Traditionally, online political campaigns have lagged behind online marketers. From the Web site platform to e-mail campaigns to search, we have spent the recent cycles bemoaning our candidates’ approach to online media. Yet in the last few days of this historic election, both candidates are happily spending their last pennies online. Better yet, the ad copy, landing pages and regional targeting are on par with, if not ahead of, commercial marketers’ efforts.

So how is it that 2008 became the year of improved political online marketing? As it turns out, we have offline direct marketing to thank. Both parties’ success with microtargeting — the practice of applying sophisticated data-mining tactics and predictive modeling to identify voters and supporters — has proven to be a game changer in 2008. According to a recent article in The New York Times, “By investing heavily in microtargeting, the [Democratic] campaign has built a ground game that has helped put more closely contested states into play and forced the Republicans to compete in states they have handily won in the past.”

As a result, both parties — and their online campaigns — are wooing Florida, Ohio, North Carolina, Montana, Missouri and Indiana. A Google search for “Obama North Carolina” serves up an ad for each candidate that reflects the campaign’s strategy in its final days. While this query was an explicit request for “North Carolina,” my guess is that a local resident would see even more regional targeting for broader searches within both the paid and organic results.

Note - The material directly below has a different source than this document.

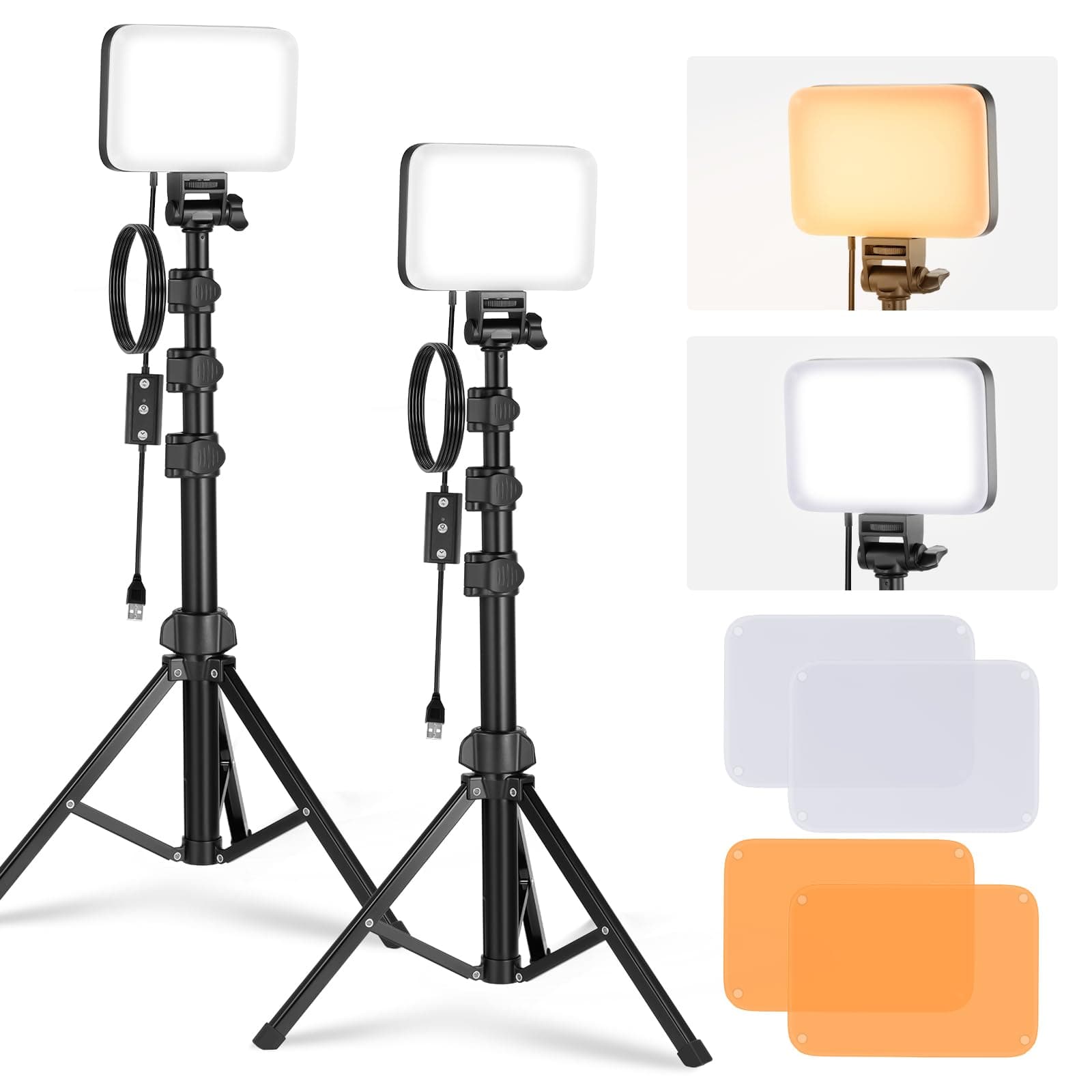 NEEWER BASICS LED Video Light 2-Pack Photography Light Dimmable Dual Color Temperature 3200K-5600K High Color Rendering CRI95 Portable Panel Light Kit with Stand & Filter for Live Streaming/Studio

During the SMX East session, Search & the US Presidential Campaign, Eric Frenchman, chief Internet strategist for the McCain-Palin team, pointed out that everything his team does is both geo-targeted and microtargeted. He is not alone.

Peter Greenberger of Google’s Elections & Issue Advocacy team, who also participated on the panel, recently told me, “In the general election, the campaigns have refined their advertising strategies to target voters in only the states that are in play making their ad buys much more effective and efficient.  In addition, the messages delivered can be tailored to the specific states or localities where they run.”

Direct marketers might do well to take a cue or two from the candidates’ use of regional tactics for an online search campaign. Panelist Diane Rinaldo of Yahoo’s Political Advertising team pointed out if there was one cue that all direct marketers should take from the political candidates’ online activities, it would be the use of geo-targeting. She should know — Rinaldo previously served as the director of Yahoo’s Retail Advertising team. She noted that both often have hard deadlines, must meet the needs of regional audiences and employ behavioral targeting.

So how can retailers take advantage of regional targeting? Rinaldo recommends that “retailers further customize their advertising according to their geographical priorities and also according to the different customer needs by market. There’s a lot of sophisticated targeting available, from state to the ZIP code level, and it can often be combined with demographic or behavioral targeting for fine-tuned messaging.”